Другое дело, что я не знаю и никогда не узнаю, каковы на самом деле были тогда истинные мотивы и стремление «взглядовцев». В том смысле, что я знаю людей, в августе 1991 совершенно искренне вышедших к Белому дому против ГКЧП и поддержавших Ельцина, которые теперь говорят, что знали бы, к чему это приведёт, сами бы ему голову оторвали…
Вот интересный вопрос, что и как делали бы по-другому или не делали вообще тогдашние ведущие «Взгляда», знай они, в чём в каком-то смысле участвуют и каков будет результат в среднесрочной перспективе.
«СП»: — Работаете сейчас в жанре ток-шоу. Знаете, что сам термин в современном русском языка появился с подачи Демидова?
— Нет, не знаю и не очень понимаю, как мог в «современном русском языке» с чьей-то подачи появиться термин ток-шоу. Если это просто калька с английского слова talk-show. Что здесь от русского языка? «Л» и в английском не произносится. А формат уж точно придуман сильно до Ивана Ивановича, при всём уважении. Ну, типа Фил Донахью и всё такое…
Одна передача и одно музыкальное направление были не в состоянии погубить огромную страну
«СП»: — С кем то из «взглядовцев» поддерживаете отношения сейчас?
— Сложно поддерживать то, чего не имел. Я некоторое время, в начале нулевых, работал под руководством Александра Любимова, который был зачинателем программы «Времена» Познера, где я начинал шеф-редактором. Но наши тогдашние отношения никак не определялись тем, что он был «взглядовец», хотя для меня, безусловно, восприятие Александра Михайловича во многом этим вольно или невольно определялось. Типа живая легенда. И можно сказать даже, что он учил меня каким-то азам профессии. И таки многому научил, можно сказать.

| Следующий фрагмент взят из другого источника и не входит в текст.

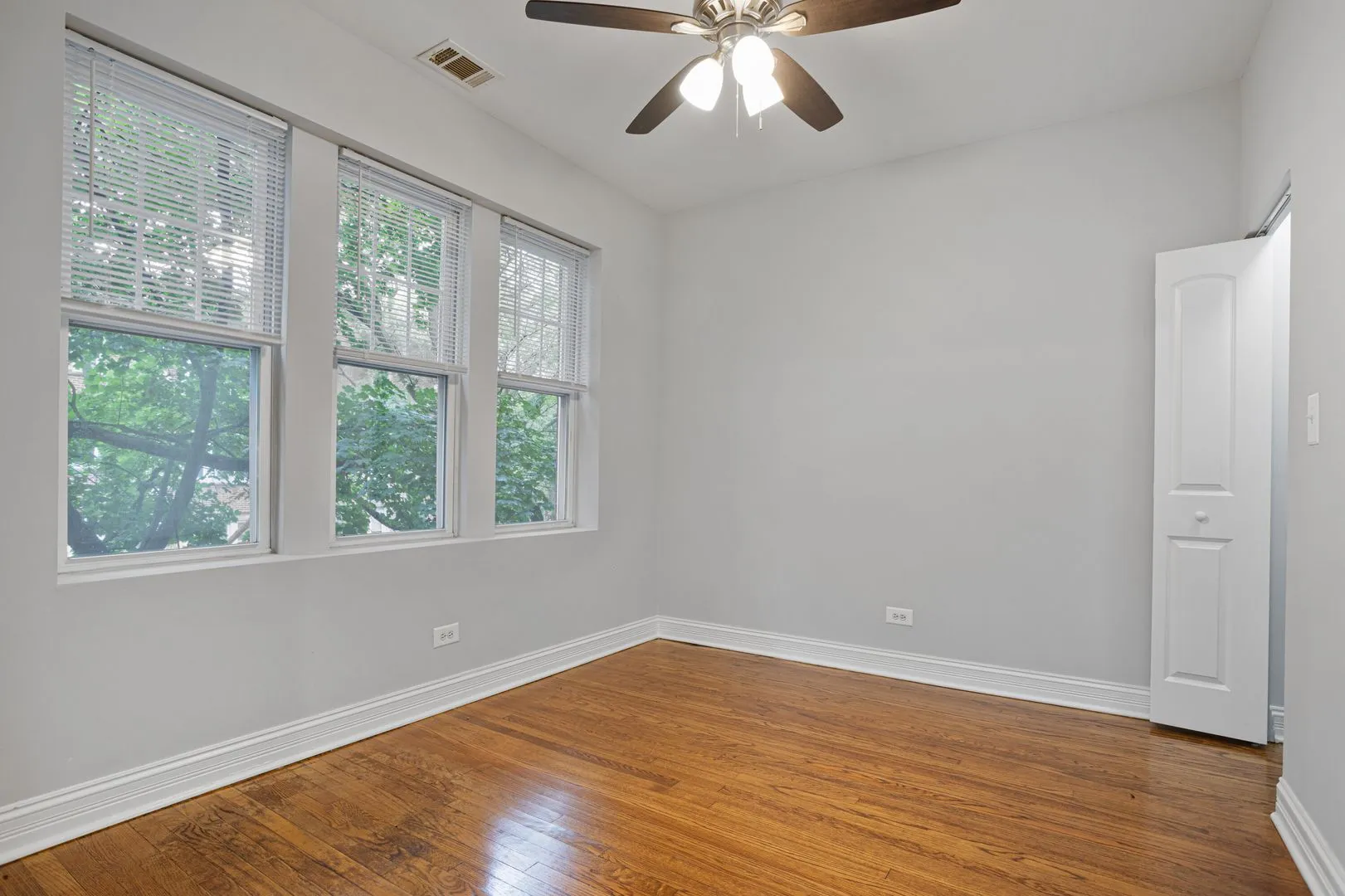 2001 W Jarvis Ave, ,  60645, USA 60645-unit#2-Chicago-IL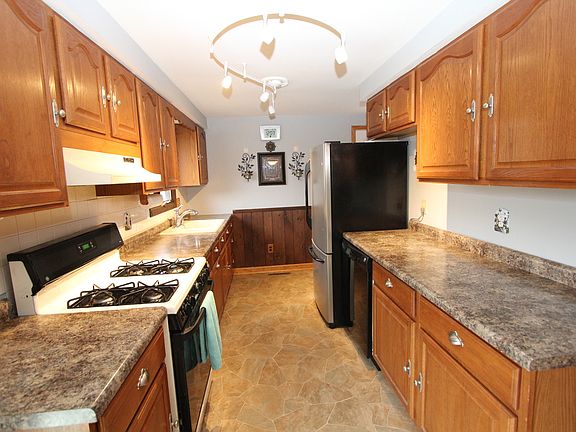 4th image of 35197 N Hilldale Dr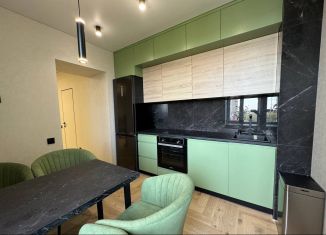 Продажа 2-ком. квартиры, 61 м2, Ростов-на-Дону, 1-я Баррикадная улица, 24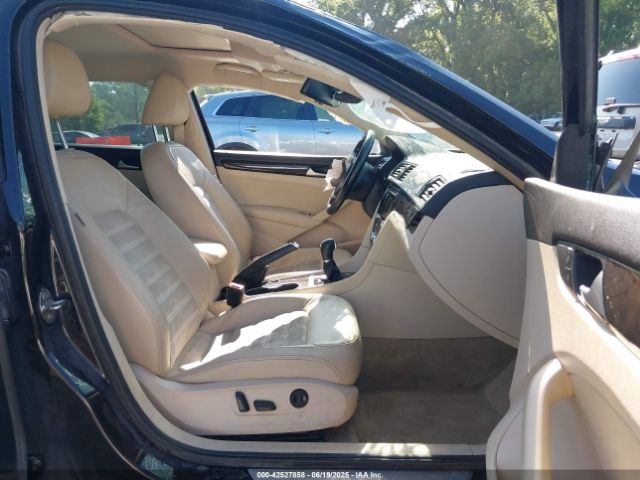 2015 VOLKSWAGEN PASSAT 1VWCV7A31FC071700 Photo 4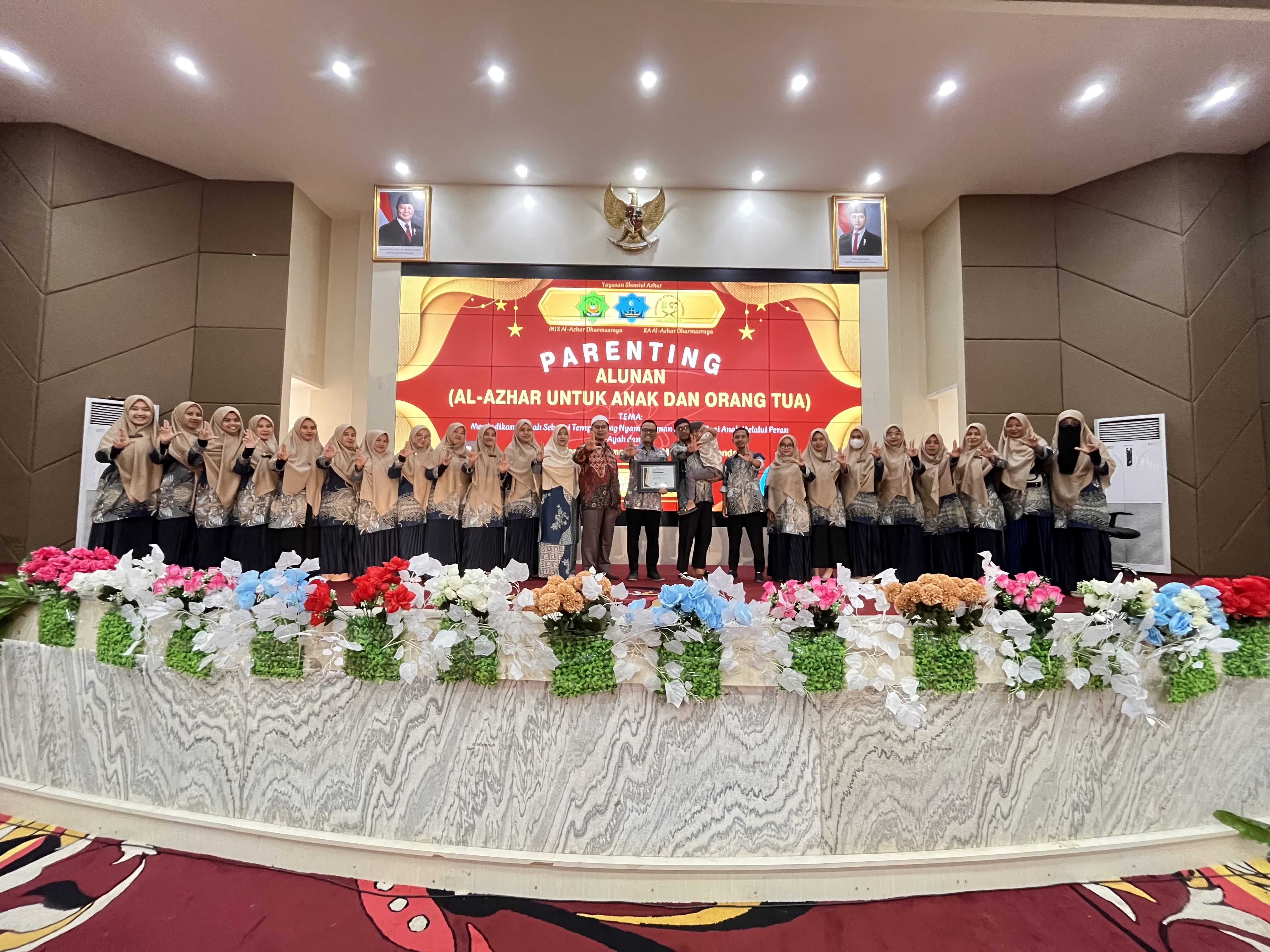 ALUNAN (Al-Azhar Untuk Anak dan Orang Tua)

Не знаю, можно ли говорить при этом, что я впитал в себя какие-то моменты «взглядовской школы». Но школе Любимова я благодарен очень. Но всё же это был уже во многом совсем другой Любимов, чем тот, которого я смотрел по телевизору в конце 80-х-начале 90-х. Не лучше, не хуже — просто другой. Сменилось слишком многое к 2000 году. Другая страна, другое телевидение, другие иллюзии и ожидания.
Всё же для меня «Взгляд», тот, каким я его помню и воспринимаю, это что-то очень ситуативное и возрастное. Что не может не «пройти» с годами, что может быть свойственно только определённой поре в жизни. Ну, например, как подростковые школьные влюблённости, которые прекрасны и без которых нет тебя, но… им нет уже места в твоей сегодняшней жизни. И для меня восприятие «Взгляда» — это как воспоминание взрослого семейного человека о первой школьной любви. Это приятно вспоминать, ты отчасти из этого «сделан», но при этом те отношения такими невозможно повторить. И, главное, не нужно. Их ценность именно в том, что они были. И нет никакой трагедии в том, что прошли и стали прошлым. Без этого тебя не было бы или ты был бы не тем, какой есть, но… это может уже быть только прошлым.
Так и «Взгляд» для нынешней журналистики. Нелепо сравнивать её сегодняшнюю с тогдашним «Взглядом», и нас сегодняшних с ними тогдашними. И мне всегда смешно, когда застрявшие в каком-то прошлом телекритики, сравнивают «Взгляд» тогдашний с сегодняшним состоянием журналистики.